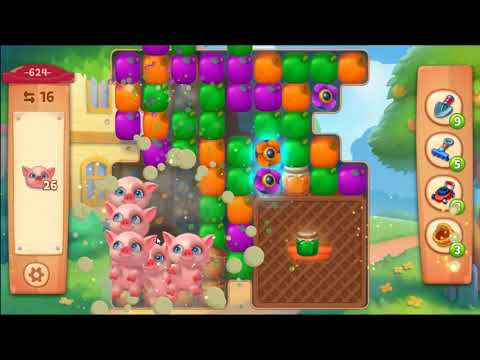 Farmscapes Level 624 - NO BOOSTERS 🌻🚜🐔 | SKILLGAMING ✔️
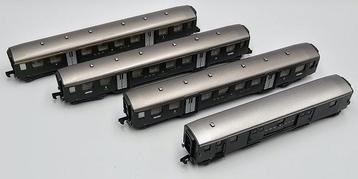 Arnold N - 3715, 3714, 3713 - Wagon de passagers pour trains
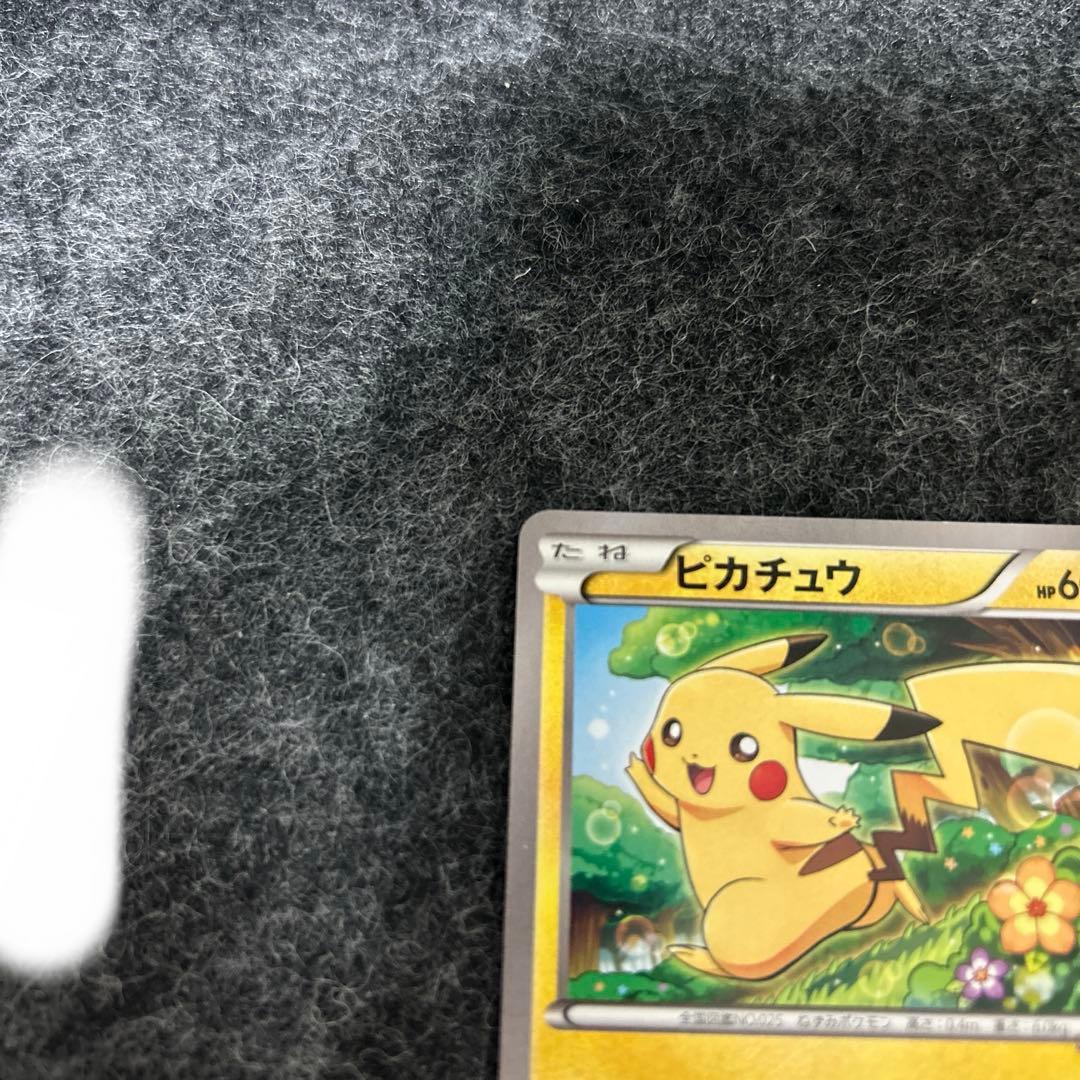 ピカチュウ_ポケモンカードゲーム教室 PROMO XYシリーズプロモーション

+ + + + + + +

What to produce -
A word-for-word copy of the listing is needed, with no pictures in it.

Reply to the task -
 Farmscapes Level 624 - NO BOOSTERS 🌻🚜🐔 | SKILLGAMING ✔️
 Arnold N - 3715, 3714, 3713 - Wagon de passagers pour trains
 ピカチュウ_ポケモンカードゲーム教室 PROMO XYシリーズプロモーション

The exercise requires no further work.